══ Study material ══
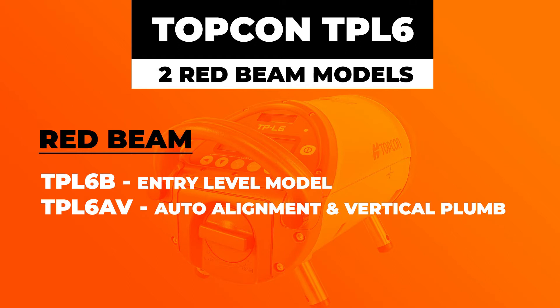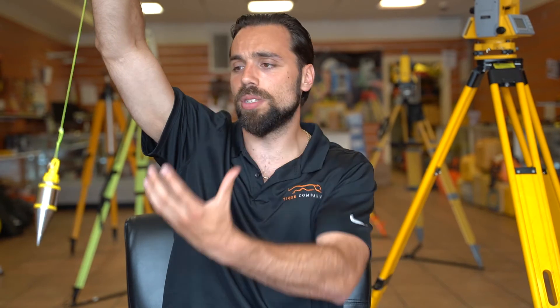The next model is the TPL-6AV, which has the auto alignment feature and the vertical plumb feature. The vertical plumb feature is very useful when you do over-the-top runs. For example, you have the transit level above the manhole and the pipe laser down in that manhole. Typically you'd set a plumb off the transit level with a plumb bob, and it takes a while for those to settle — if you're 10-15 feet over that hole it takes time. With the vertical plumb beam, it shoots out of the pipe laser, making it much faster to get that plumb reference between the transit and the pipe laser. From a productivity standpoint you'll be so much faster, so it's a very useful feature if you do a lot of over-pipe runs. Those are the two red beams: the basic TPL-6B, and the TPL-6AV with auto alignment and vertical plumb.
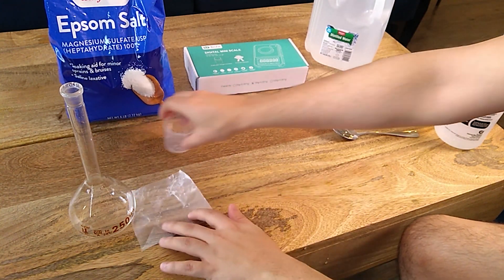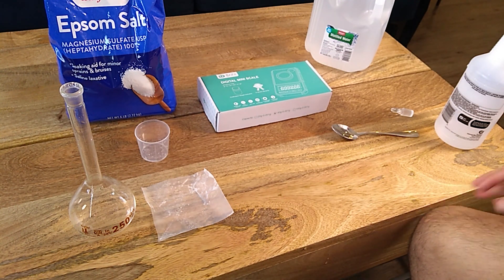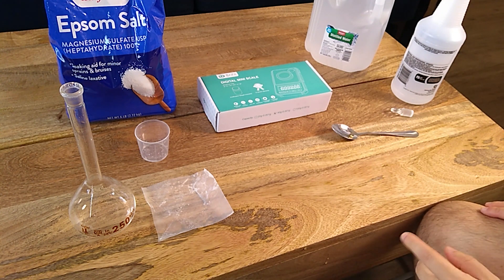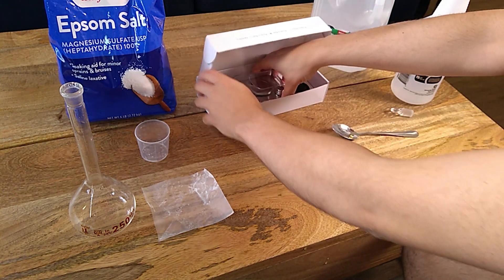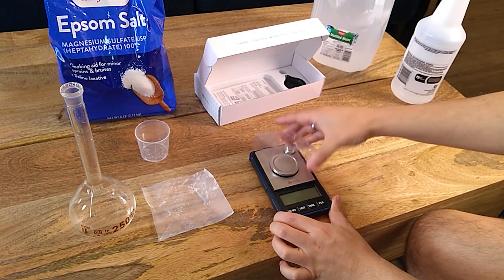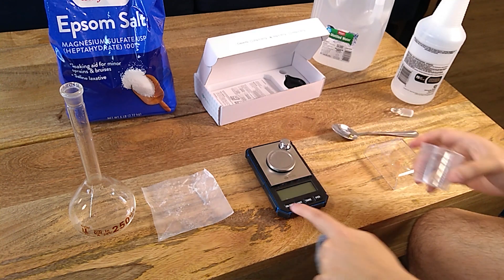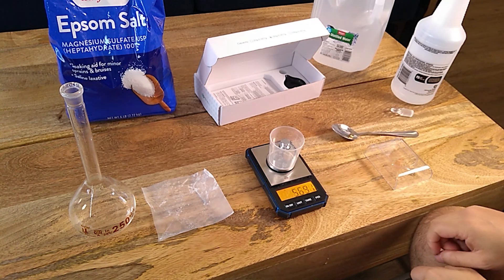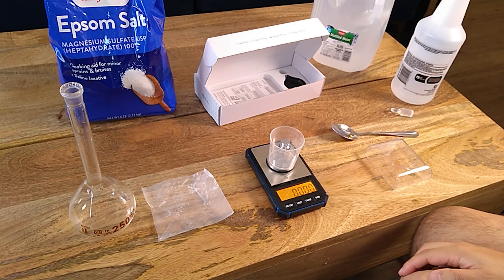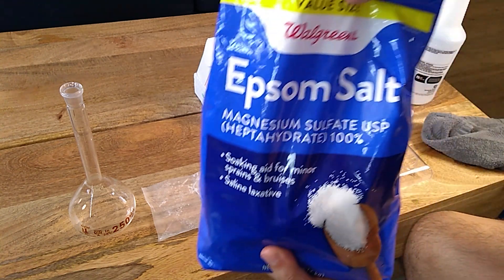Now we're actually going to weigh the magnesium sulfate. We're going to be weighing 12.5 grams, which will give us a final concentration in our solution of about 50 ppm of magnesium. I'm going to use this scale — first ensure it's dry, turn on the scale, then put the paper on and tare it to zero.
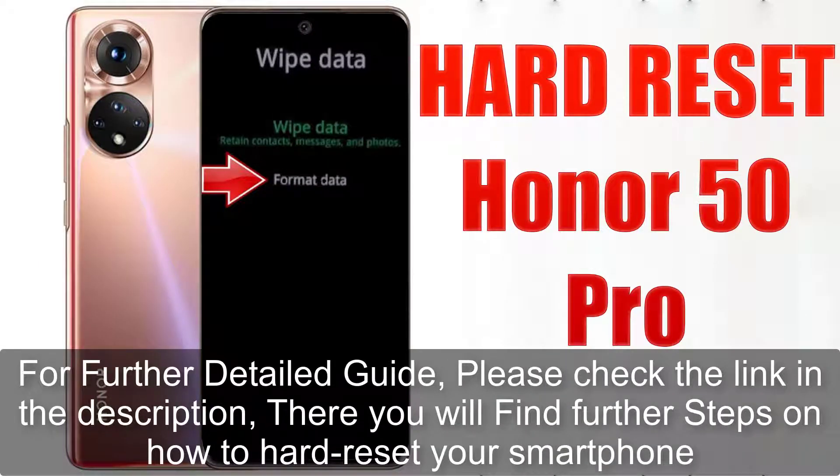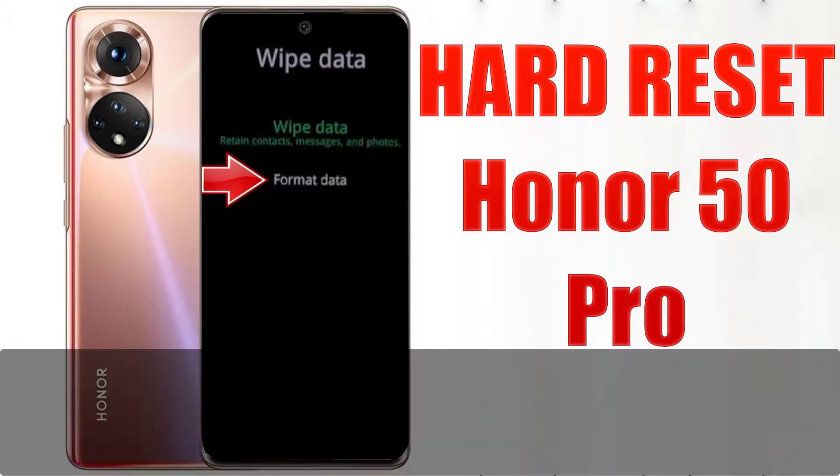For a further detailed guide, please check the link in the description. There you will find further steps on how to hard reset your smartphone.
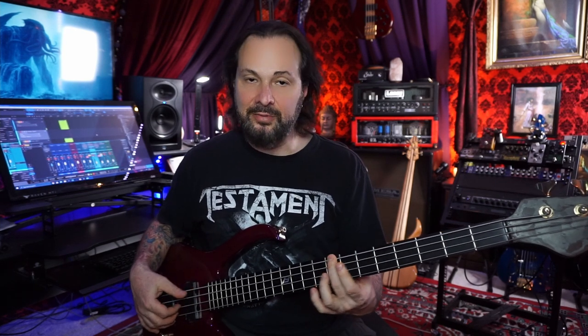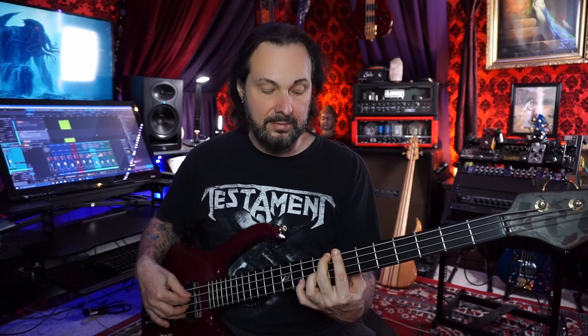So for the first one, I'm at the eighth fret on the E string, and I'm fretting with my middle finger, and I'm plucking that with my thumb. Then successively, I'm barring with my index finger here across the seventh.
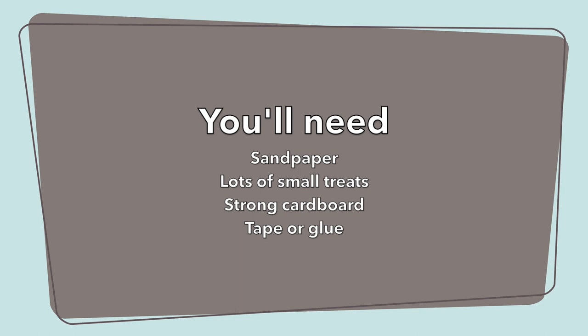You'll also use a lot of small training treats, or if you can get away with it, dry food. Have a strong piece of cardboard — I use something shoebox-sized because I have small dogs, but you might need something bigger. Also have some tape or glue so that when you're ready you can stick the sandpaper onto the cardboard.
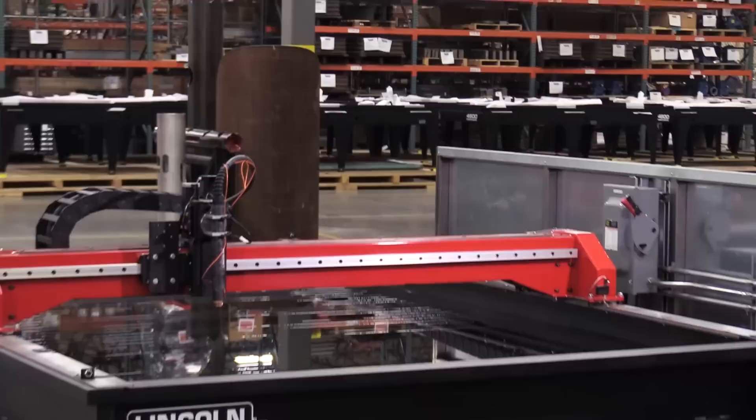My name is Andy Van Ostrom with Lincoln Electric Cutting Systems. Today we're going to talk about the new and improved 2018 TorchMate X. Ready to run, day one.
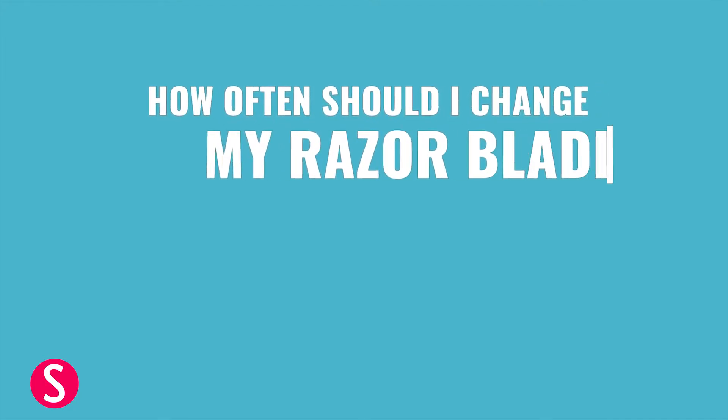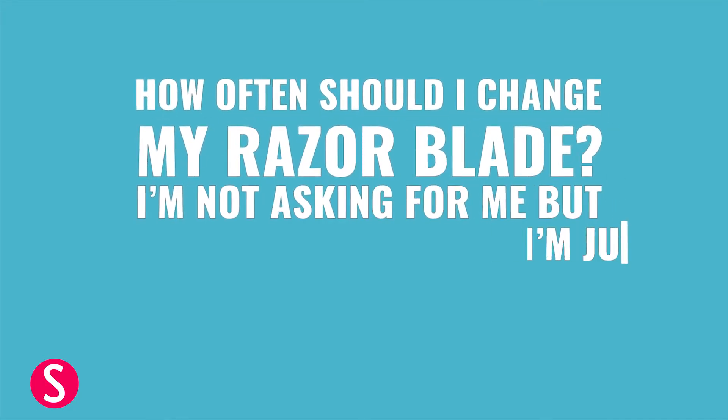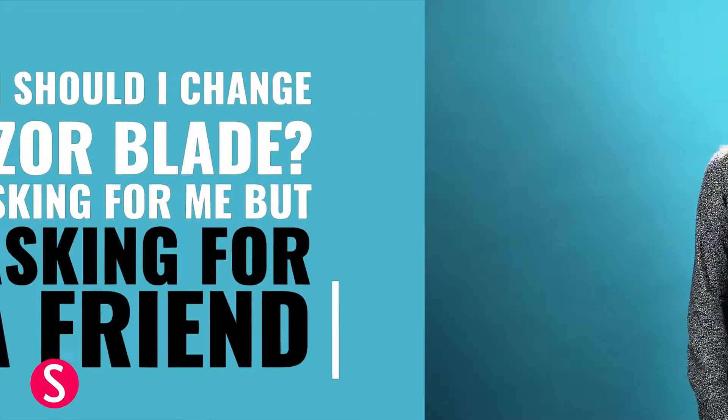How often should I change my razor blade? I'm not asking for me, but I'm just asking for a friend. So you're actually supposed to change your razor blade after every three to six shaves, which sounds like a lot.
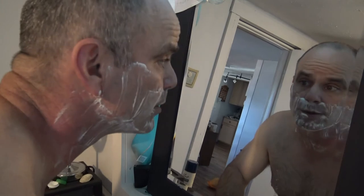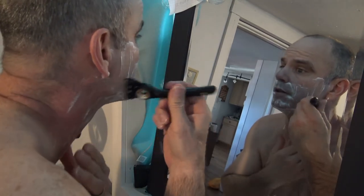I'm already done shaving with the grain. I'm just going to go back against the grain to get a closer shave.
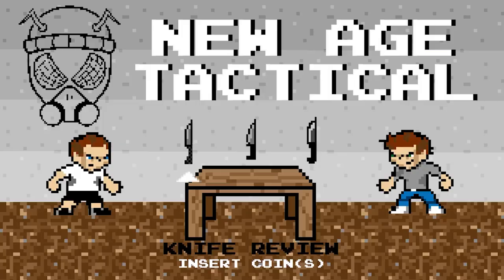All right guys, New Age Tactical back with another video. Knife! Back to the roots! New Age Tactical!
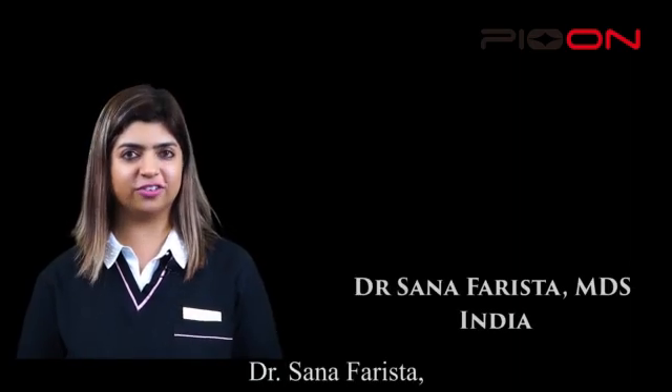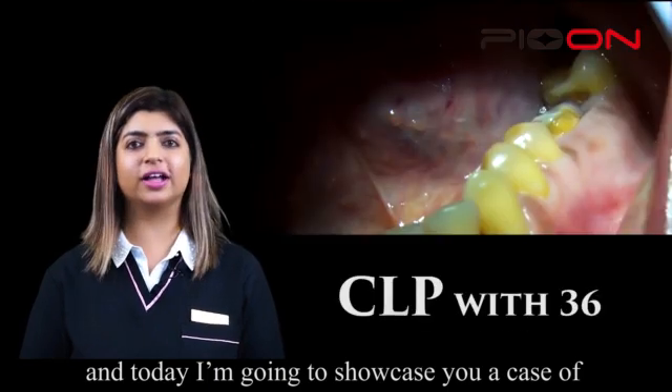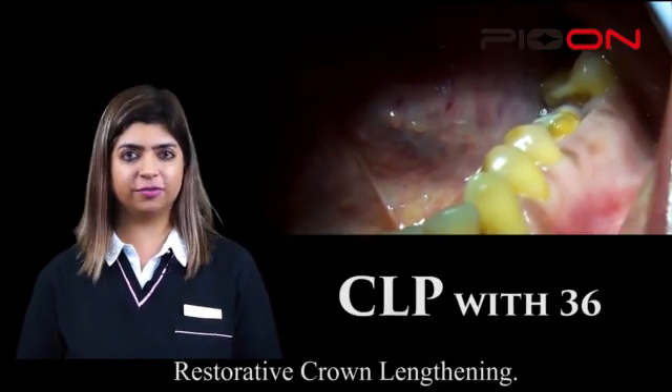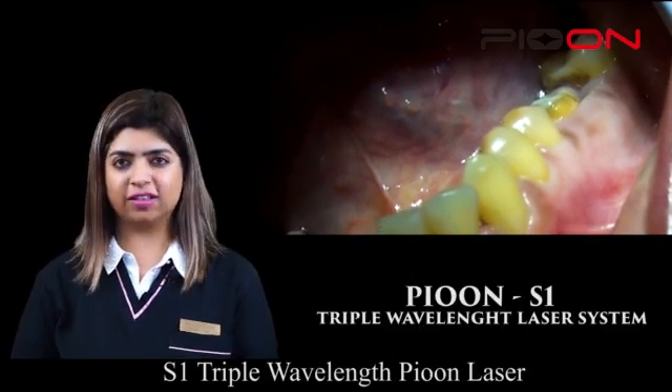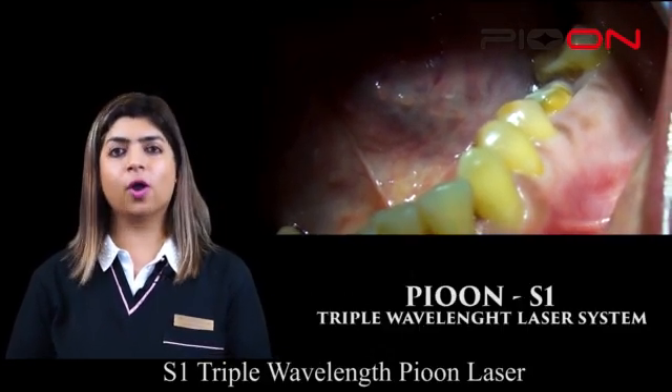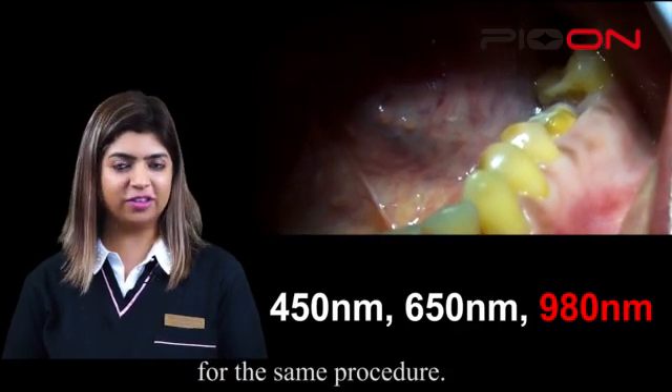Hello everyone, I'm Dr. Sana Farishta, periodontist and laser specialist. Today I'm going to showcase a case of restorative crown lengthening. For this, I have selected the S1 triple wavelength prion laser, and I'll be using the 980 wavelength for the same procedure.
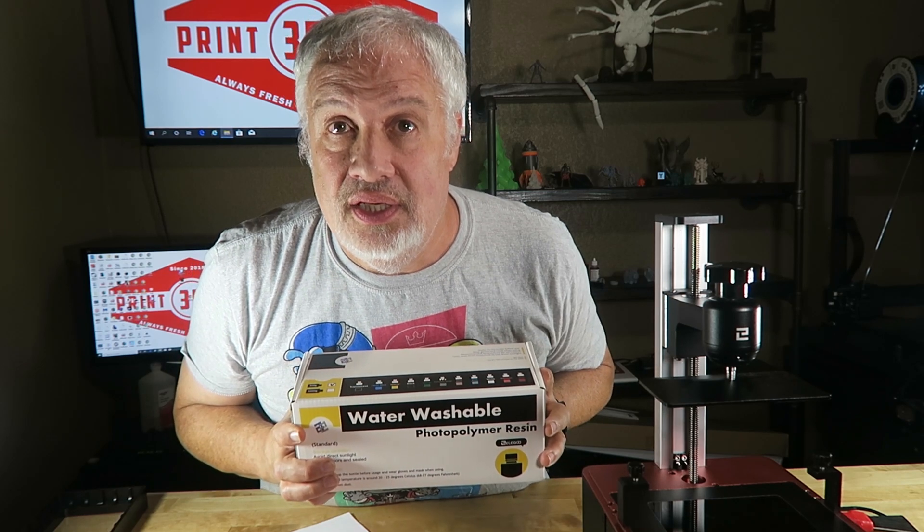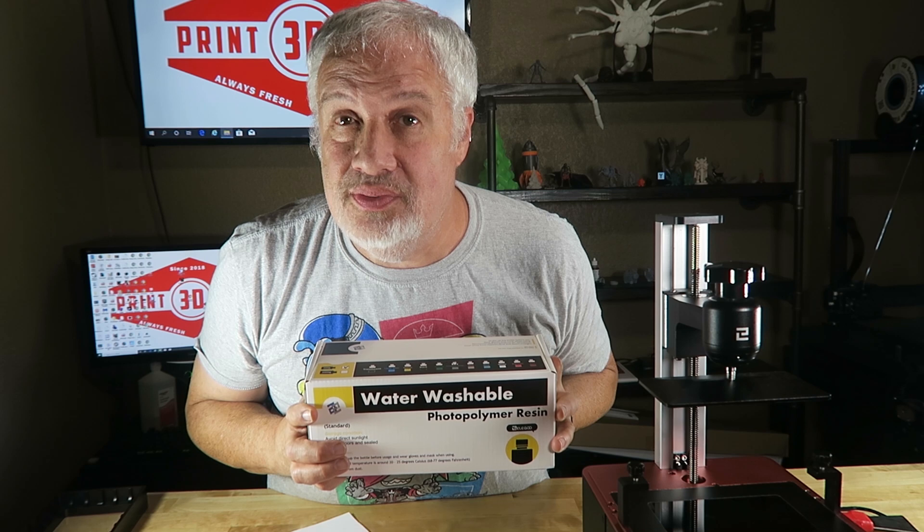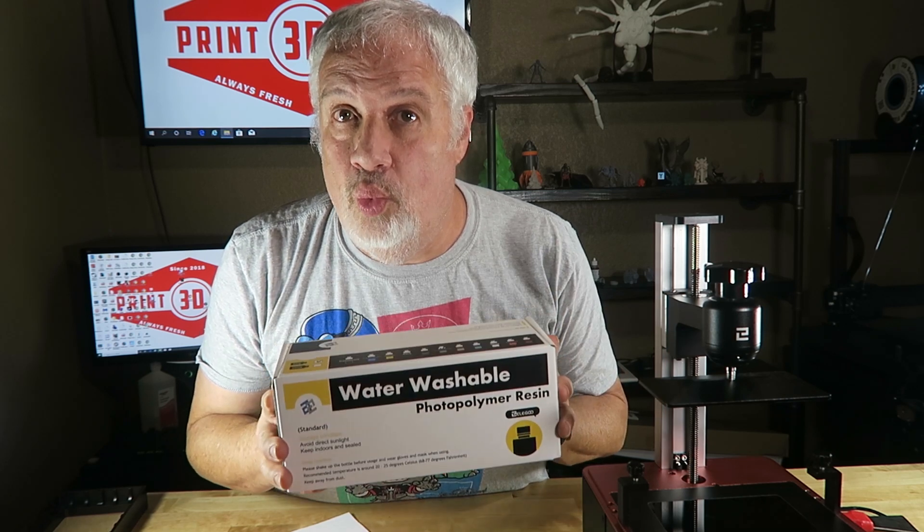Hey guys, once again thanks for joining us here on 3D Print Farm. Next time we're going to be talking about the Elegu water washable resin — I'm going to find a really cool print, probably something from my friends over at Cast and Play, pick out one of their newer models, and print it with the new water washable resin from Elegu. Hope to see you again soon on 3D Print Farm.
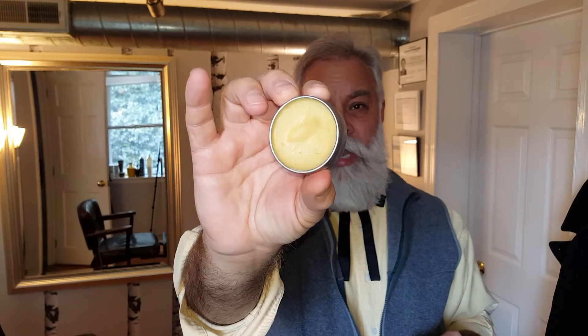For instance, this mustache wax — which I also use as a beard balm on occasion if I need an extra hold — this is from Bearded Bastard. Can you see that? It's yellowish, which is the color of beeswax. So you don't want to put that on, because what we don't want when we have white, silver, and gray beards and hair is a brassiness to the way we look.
═══
_What you should do_: Output every record above verbatim, excluding images.

_Expected answer_:
The next model is the TPL-6AV, which has the auto alignment feature and the vertical plumb feature. The vertical plumb feature is very useful when you do over-the-top runs. For example, you have the transit level above the manhole and the pipe laser down in that manhole. Typically you'd set a plumb off the transit level with a plumb bob, and it takes a while for those to settle — if you're 10-15 feet over that hole it takes time. With the vertical plumb beam, it shoots out of the pipe laser, making it much faster to get that plumb reference between the transit and the pipe laser. From a productivity standpoint you'll be so much faster, so it's a very useful feature if you do a lot of over-pipe runs. Those are the two red beams: the basic TPL-6B, and the TPL-6AV with auto alignment and vertical plumb.
Now we're actually going to weigh the magnesium sulfate. We're going to be weighing 12.5 grams, which will give us a final concentration in our solution of about 50 ppm of magnesium. I'm going to use this scale — first ensure it's dry, turn on the scale, then put the paper on and tare it to zero.
For a further detailed guide, please check the link in the description. There you will find further steps on how to hard reset your smartphone.
So for the first one, I'm at the eighth fret on the E string, and I'm fretting with my middle finger, and I'm plucking that with my thumb. Then successively, I'm barring with my index finger here across the seventh.
You'll also use a lot of small training treats, or if you can get away with it, dry food. Have a strong piece of cardboard — I use something shoebox-sized because I have small dogs, but you might need something bigger. Also have some tape or glue so that when you're ready you can stick the sandpaper onto the cardboard.
My name is Andy Van Ostrom with Lincoln Electric Cutting Systems. Today we're going to talk about the new and improved 2018 TorchMate X. Ready to run, day one.
How often should I change my razor blade? I'm not asking for me, but I'm just asking for a friend. So you're actually supposed to change your razor blade after every three to six shaves, which sounds like a lot.
I'm already done shaving with the grain. I'm just going to go back against the grain to get a closer shave.
All right guys, New Age Tactical back with another video. Knife! Back to the roots! New Age Tactical!
Hello everyone, I'm Dr. Sana Farishta, periodontist and laser specialist. Today I'm going to showcase a case of restorative crown lengthening. For this, I have selected the S1 triple wavelength prion laser, and I'll be using the 980 wavelength for the same procedure.
Hey guys, once again thanks for joining us here on 3D Print Farm. Next time we're going to be talking about the Elegu water washable resin — I'm going to find a really cool print, probably something from my friends over at Cast and Play, pick out one of their newer models, and print it with the new water washable resin from Elegu. Hope to see you again soon on 3D Print Farm.
For instance, this mustache wax — which I also use as a beard balm on occasion if I need an extra hold — this is from Bearded Bastard. Can you see that? It's yellowish, which is the color of beeswax. So you don't want to put that on, because what we don't want when we have white, silver, and gray beards and hair is a brassiness to the way we look.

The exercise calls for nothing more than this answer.